Objective: Recent evidence suggests that avoiding waste may be a prominent motive to save in hoarding disorder. Such beliefs are reminiscent of scrupulosity obsessions in OCD. This paper reports on three studies examining scrupulosity-like beliefs in hoarding and the development and validation of a measure of material scrupulosity.
Methods: Study one examined the reliability and validity of a measure of material scrupulosity (MOMS) and its relationship to hoarding in a college student sample, as well as the relationship between hoarding and OCD-base scrupulosity. Study 2 examined the psychometric properties of the MOMS in a replication of study 1 with a sample of people with hoarding problems. Study 3 examined the reliability and validity of the MOMS in a large nonclinical/community sample.

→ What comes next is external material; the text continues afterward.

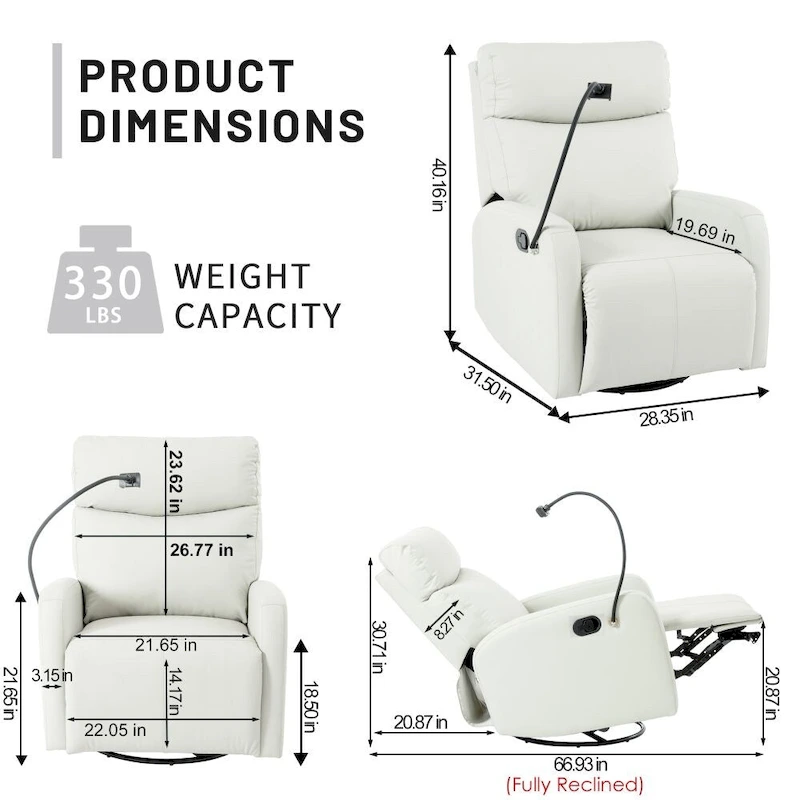 Modern Small Rocking Swivel Recliner Chair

Results: Findings across the studies provided evidence for the reliability and validity of the MOMS. It was highly correlated with hoarding symptoms, especially difficulty discarding, and hoarding related beliefs, especially responsibility beliefs. It accounted for significant variance in hoarding symptoms independent of other correlates, including other hoarding beliefs. OCD-based scrupulosity was correlated with hoarding in sample 1, but not in the hoarding sample in study 2.
Conclusions: Material Scrupulosity refers to an exaggerated sense of duty or moral/ethical responsibility for the care and disposition of possessions to prevent their being harmed or wasted. It appears to be distinct from other hoarding-related beliefs and a significant predictor of hoarding symptoms. The MOMS appears to possess good reliability and validity in both clinical and nonclinical samples.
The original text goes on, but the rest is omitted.